Makrama. Co to jest i jak zacząć? Przewodnik dla początkujących

Wchodzisz do kawiarni, a nad głową delikatnie kołysze się makramowy kwietnik z paprocią. Przewijasz Instagrama – a tam: łapacze snów, firanki, dekoracje ścienne, torebki, biżuteria... Wszystko splecione z czułością i sznurkiem. Myślisz sobie: „To chyba jakaś magia?”. Otóż nie – to makrama. I spokojnie, Ty też możesz to robić. Nawet jeśli Twoje doświadczenia z rękodziełem kończą się na lepieniu bałwana z plasteliny w przedszkolu. 

Co to jest makrama?

Makrama to starożytna sztuka wiązania sznurków bez użycia igieł, szydełek czy drutów. Tylko Ty, Twoje ręce i kawałek sznurka. Pochodzi z Bliskiego Wschodu, a dziś przeżywa swój wielki comeback – i nic dziwnego! Jest relaksująca, daje natychmiastową satysfakcję i cudownie wygląda we wnętrzach.
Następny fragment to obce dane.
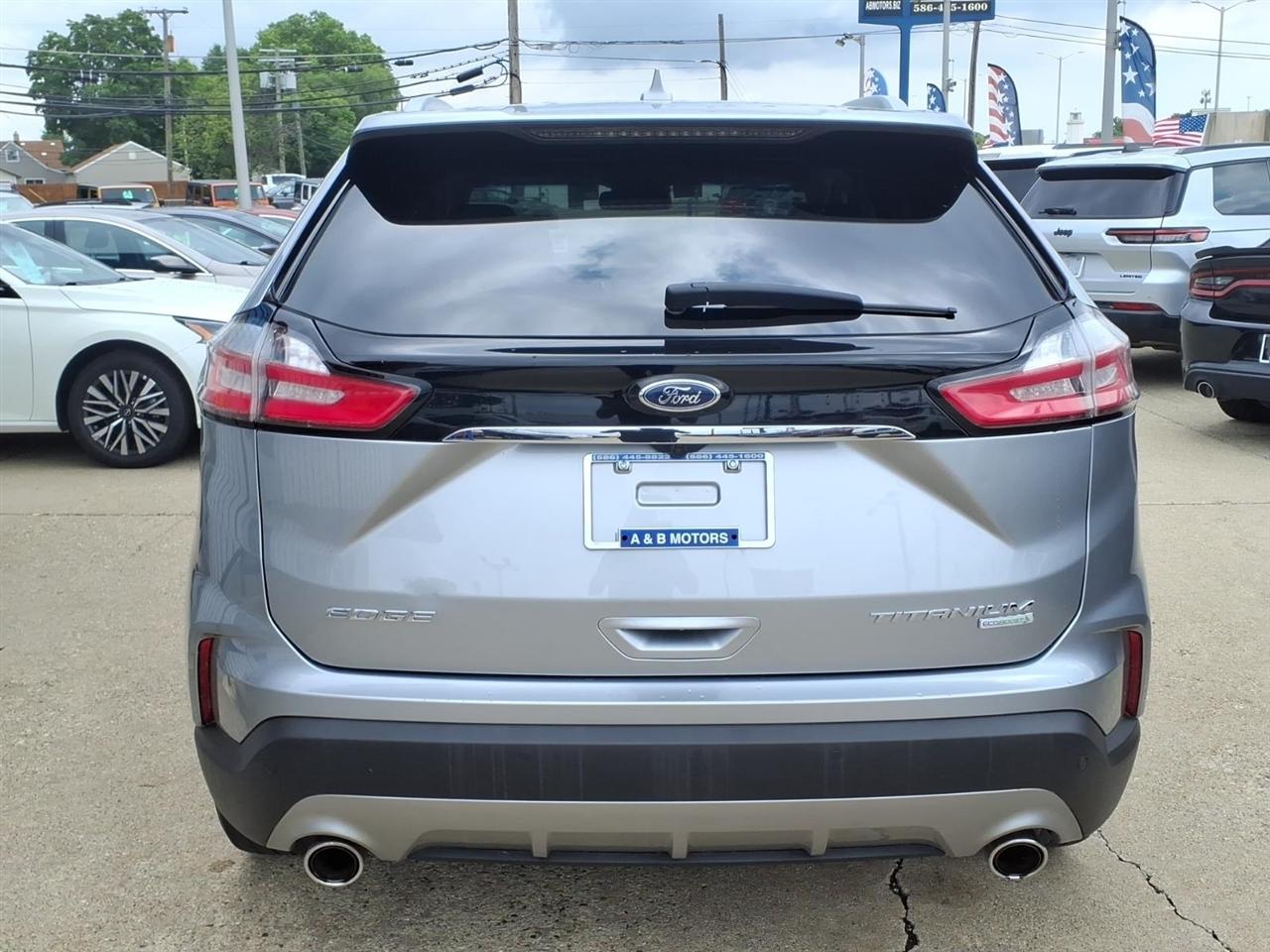 Ford Edge Titanium FWD 2020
Wyobraź sobie technikę, która z kilkunastu węzłów potrafi stworzyć coś, co wygląda jak designerska dekoracja z katalogu wnętrzarskiego. I jeszcze do tego możesz powiedzieć: „Zrobiłem/zrobiłam to sam/a!”. Czysta duma. A i oszczędność – bo takie cuda w sklepach kosztują niemało.

Dlaczego warto zacząć?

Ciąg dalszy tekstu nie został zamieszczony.